Rabu 13 May 2020 15:18 WIB

Ekonom: Asumsi Makro 2021 Realistis

Indikator paling realistis dalam asumsi makro 2021 adalah target inflasi.

Rep: Adinda Pryanka/ Red: Friska Yolandha
Ketua DPR Puan Maharani (kanan) didampingi Wakil ketua DPR Aziz Syamsuddin (kedua kanan) dan Rachmat Gobel (kiri) menerima dokumen dari Menteri Keuangan Sri Mulyani (kedua kiri) pada Rapat Paripurna masa persidangan III 2019-2020, di Komplek Parlemen, Jakarta, Selasa (12/5/2020). Dalam rapat paripurna tersebut beragendakan penyampaian Pemerintah terhadap Kerangka Ekonomi Makro dan Pokok-pokok Kebijakan Fiskal (KEM dan PPKF) RAPBN TA 2021 dan pengambilan keputusan Perppu Nomor 1 Tahun 2020 atau Perppu Corona menjadi UU
Foto: ANTARA/MUHAMMAD ADIMAJA
Ketua DPR Puan Maharani (kanan) didampingi Wakil ketua DPR Aziz Syamsuddin (kedua kanan) dan Rachmat Gobel (kiri) menerima dokumen dari Menteri Keuangan Sri Mulyani (kedua kiri) pada Rapat Paripurna masa persidangan III 2019-2020, di Komplek Parlemen, Jakarta, Selasa (12/5/2020). Dalam rapat paripurna tersebut beragendakan penyampaian Pemerintah terhadap Kerangka Ekonomi Makro dan Pokok-pokok Kebijakan Fiskal (KEM dan PPKF) RAPBN TA 2021 dan pengambilan keputusan Perppu Nomor 1 Tahun 2020 atau Perppu Corona menjadi UU

REPUBLIKA.CO.ID, JAKARTA -- Ekonom Center of Reform on Economic (CORE) Indonesia Yusuf Rendy Manilet menilai, asumsi makro yang ditetapkan pemerintah untuk Rancangan Anggaran Pendapatan dan Belanja Negara (APBN) 2021 masih realistis.
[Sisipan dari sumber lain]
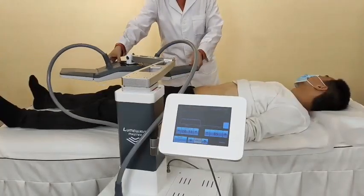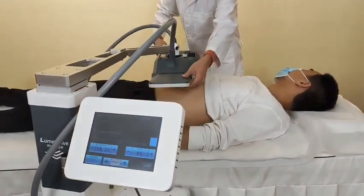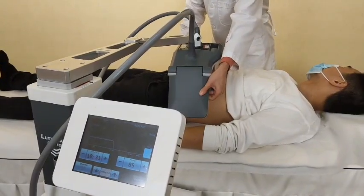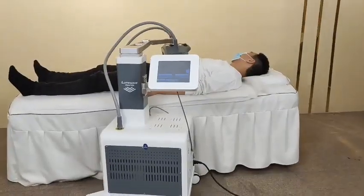When doing this treatment, we have to put this paddle on the treatment part and adjust to the correct position, then we can start the treatment.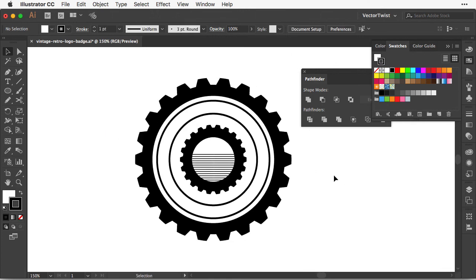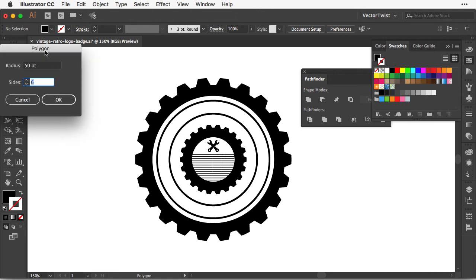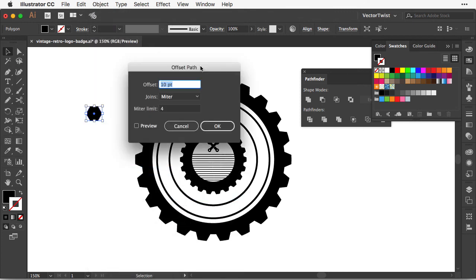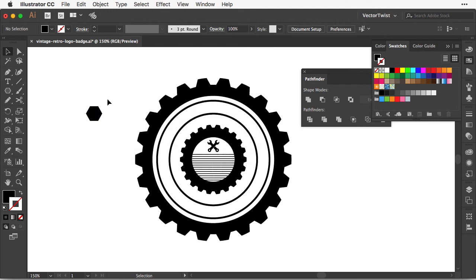Now I zoom out and add other elements. I've already created a shape of some tools, so I paste that in the middle and make it smaller. Since this retro logo badge is all about gears and tools, let's create a bolt for the middle part. I right-click and choose the Polygon tool, click on the artboard, set the radius to 60 and sides to 6, then shrink it down. I go to Object, Path, Offset Path and set the offset to minus 5 points, then click OK. I select both shapes, go to Pathfinder, choose Exclude, and now we've created our bolt.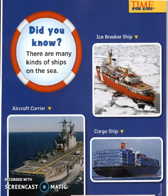Did you know there are many kinds of ships on the sea? Icebreaker ship, aircraft carrier, and cargo ship.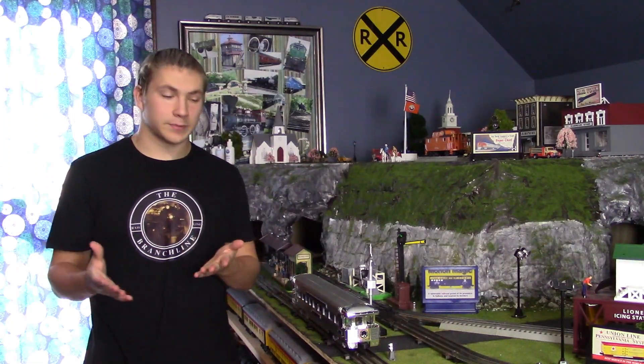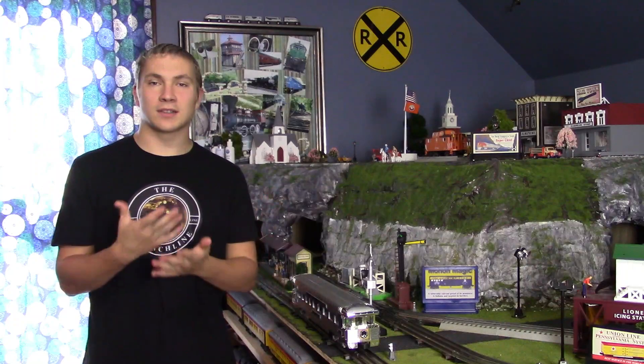Alright guys, thank you for watching this quick video on the Millennium K-Line Business Observation Car. This piece is absolutely astounding and I'm really grateful to have it in my collection — it kind of completes my Santa Fe passenger consist that I already have. Adding this beautiful observation car to the consist really just ties it all together. I hope that you guys found value out of this video. I know there's not very many videos about this particular piece on the internet and on YouTube, but today I figured I would go ahead and put a video out there about it. That's the end of the video — thank you guys for watching and I will see all of my lovely viewers in my next video. Take care everybody.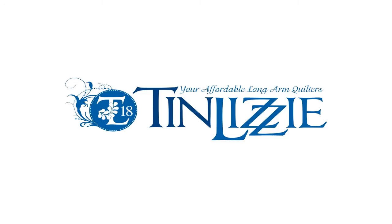Thank you for viewing this video by Tin Lizzy, your affordable longarm quilters.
Khususnya di tengah situasi pemulihan ekonomi setelah tertekan akibat pandemi Covid-19.

Yusuf menyebutkan, salah satu indikator paling realistis adalah inflasi yang ditargetkan pemerintah berada pada rentang dua hingga empat persen. "Inflasi masih akan dibayangi proses pemulihan daya beli masyarakat tahun depan, sehingga tekanan inflasi dari sisi permintaan dan suplai akan terjaga," tuturnya ketika dihubungi Republika.co.id, Rabu (13/5).

Proyeksi tersebut juga berkaca dari target inflasi yang setidaknya selalu tercapai dalam dua tahun terakhir. Yusuf mengatakan, pemerintah setidaknya berhasil menjaga sumber-sumber inflasi seperti bahan memastikan kecukupan ketersediaan di dalam negeri dan waktu impor dengan cukup baik. 
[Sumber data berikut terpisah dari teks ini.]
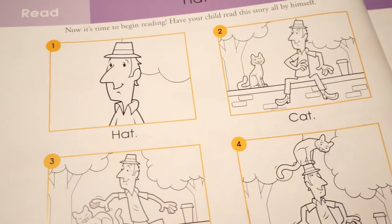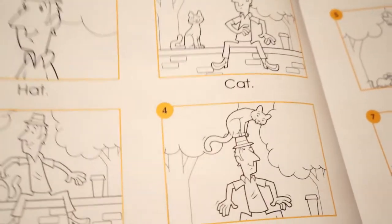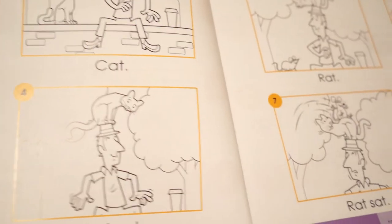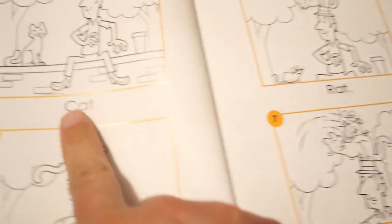Then your child is going to read the story all by themselves — it goes from page one all the way to eight. This may be the first time your child sees punctuation, like a period. You can explain that periods are like a stop sign at the end of a sentence, and an exclamation point means you read something with strong feeling — for example, 'Rat, cat, hat!' When they're done, they get a cool sticker and they are finished with lesson one.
Target pertumbuhan ekonomi di kisaran 4,5 persen sampai 5,5 persen pun tampak realistis. Khususnya dengan baseline tahun ini yang lebih rendah, atau bahkan terkontraksi. "Namun, tetap dibutuhkan konsistensi pemerintah dalam menjaga sumber-sumber utama pemerintah seperti Konsumsi ataupun sektor utama seperti manufaktur, perdagangan, ataupun jasa," katanya.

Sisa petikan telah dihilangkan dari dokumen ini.